Your instructions
Would you retype the whole listing exactly, leaving its pictures out?

Provided data
┌────────

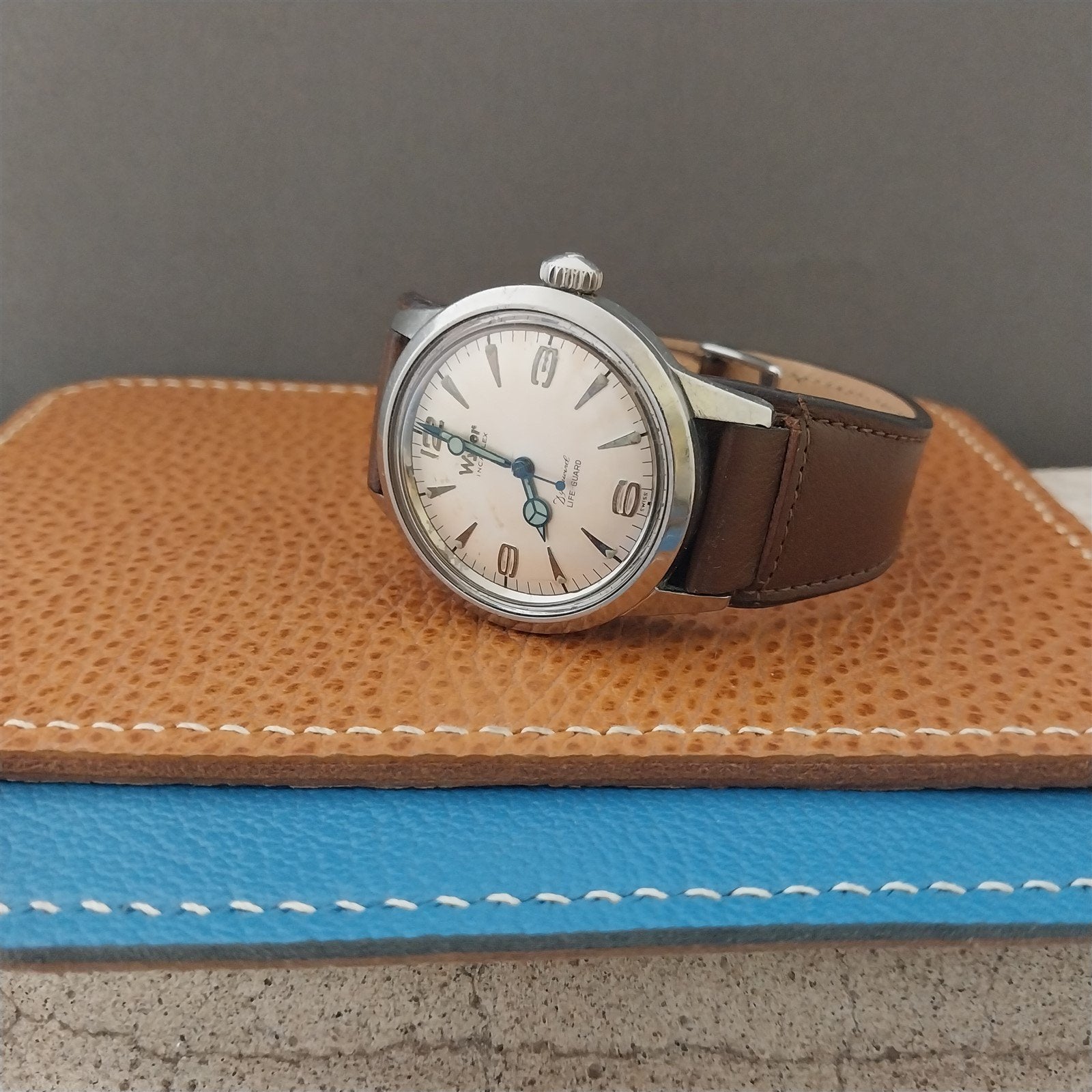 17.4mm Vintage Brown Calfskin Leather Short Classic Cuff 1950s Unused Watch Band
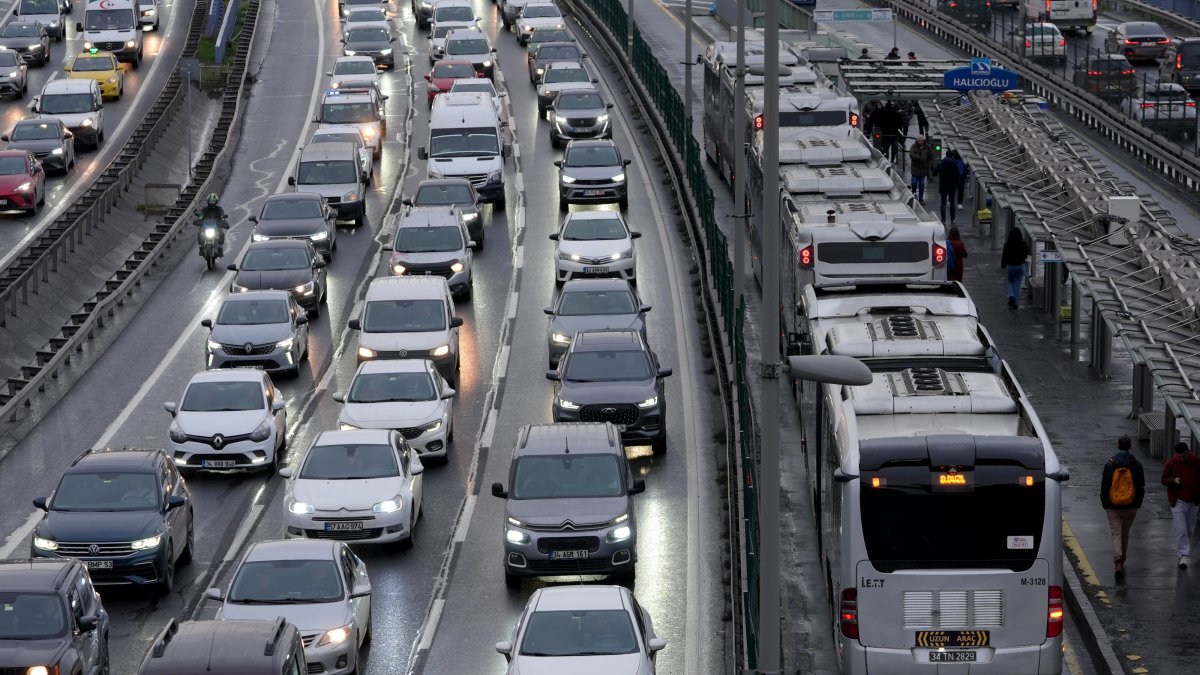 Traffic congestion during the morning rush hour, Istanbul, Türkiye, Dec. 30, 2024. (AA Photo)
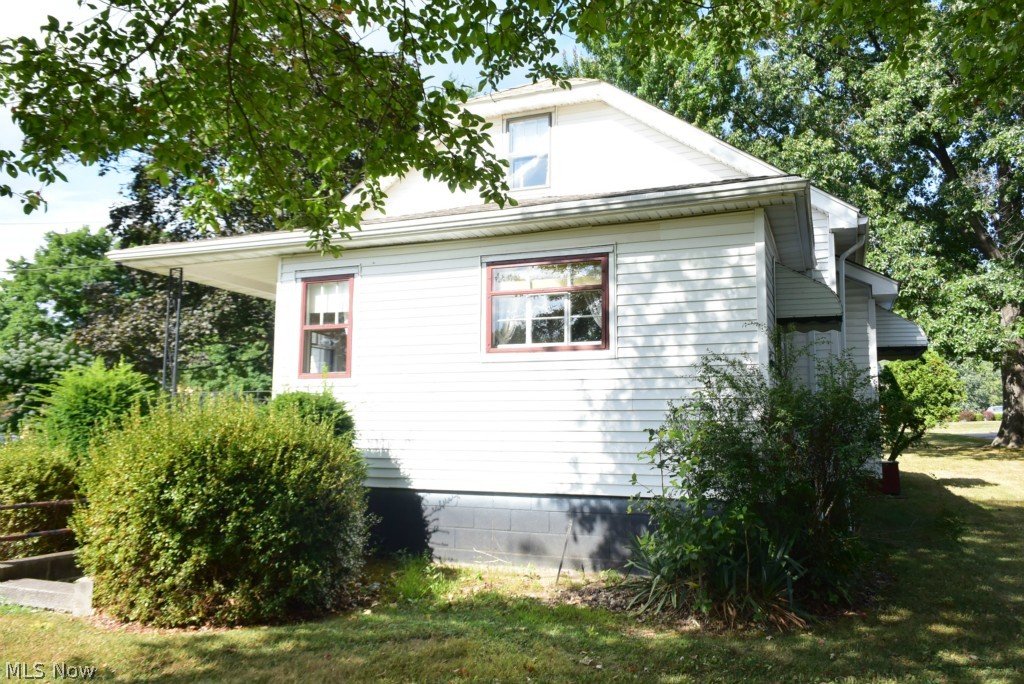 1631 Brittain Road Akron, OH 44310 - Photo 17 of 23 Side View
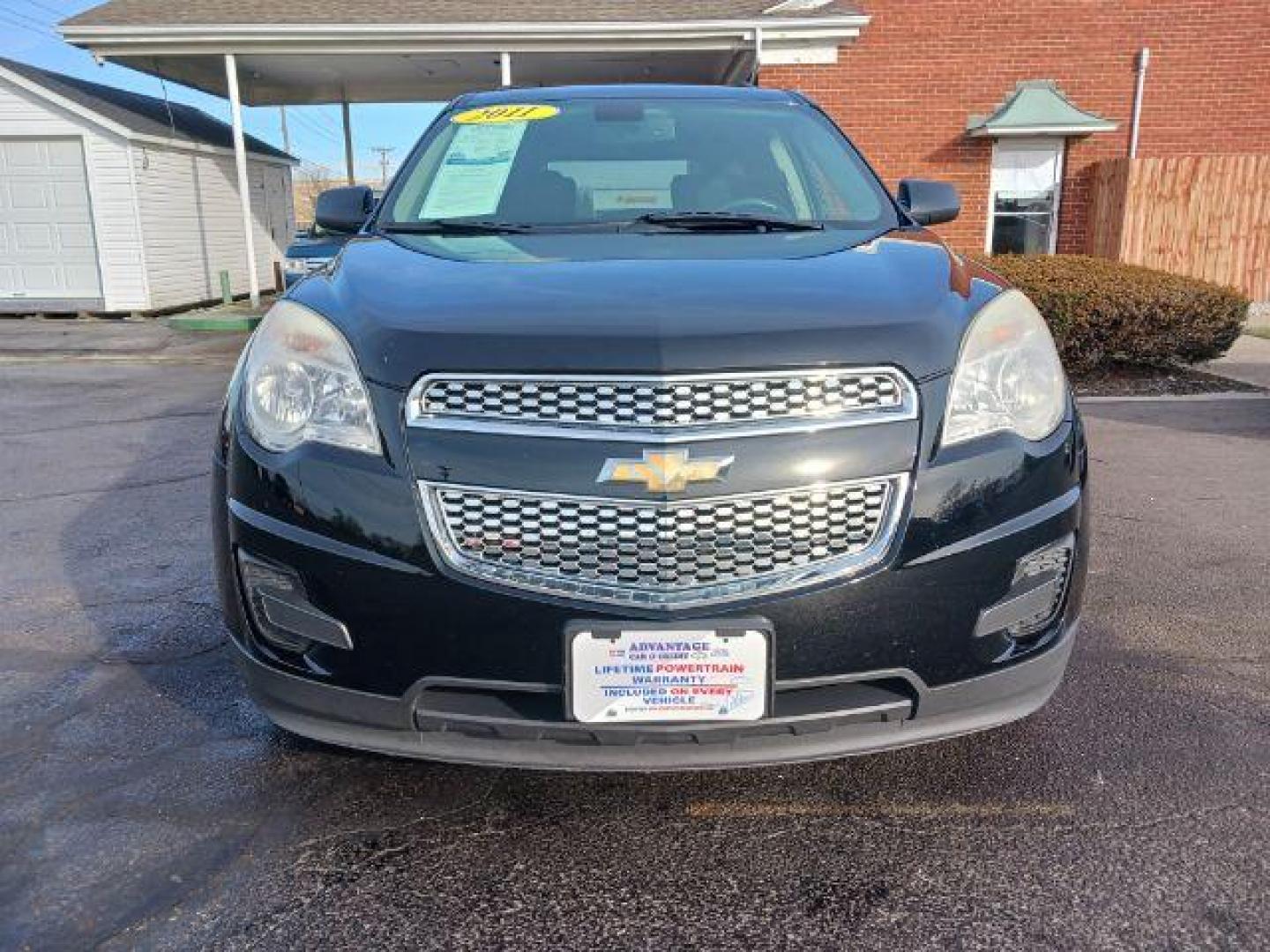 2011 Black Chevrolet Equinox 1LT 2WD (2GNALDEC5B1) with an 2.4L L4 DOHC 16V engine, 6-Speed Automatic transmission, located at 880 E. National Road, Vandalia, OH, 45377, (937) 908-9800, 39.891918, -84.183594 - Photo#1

└────────

Task solution
 17.4mm Vintage Brown Calfskin Leather Short Classic Cuff 1950s Unused Watch Band
 Traffic congestion during the morning rush hour, Istanbul, Türkiye, Dec. 30, 2024. (AA Photo)
 1631 Brittain Road Akron, OH 44310 - Photo 17 of 23 Side View
 2011 Black Chevrolet Equinox 1LT 2WD (2GNALDEC5B1) with an 2.4L L4 DOHC 16V engine, 6-Speed Automatic transmission, located at 880 E. National Road, Vandalia, OH, 45377, (937) 908-9800, 39.891918, -84.183594 - Photo#1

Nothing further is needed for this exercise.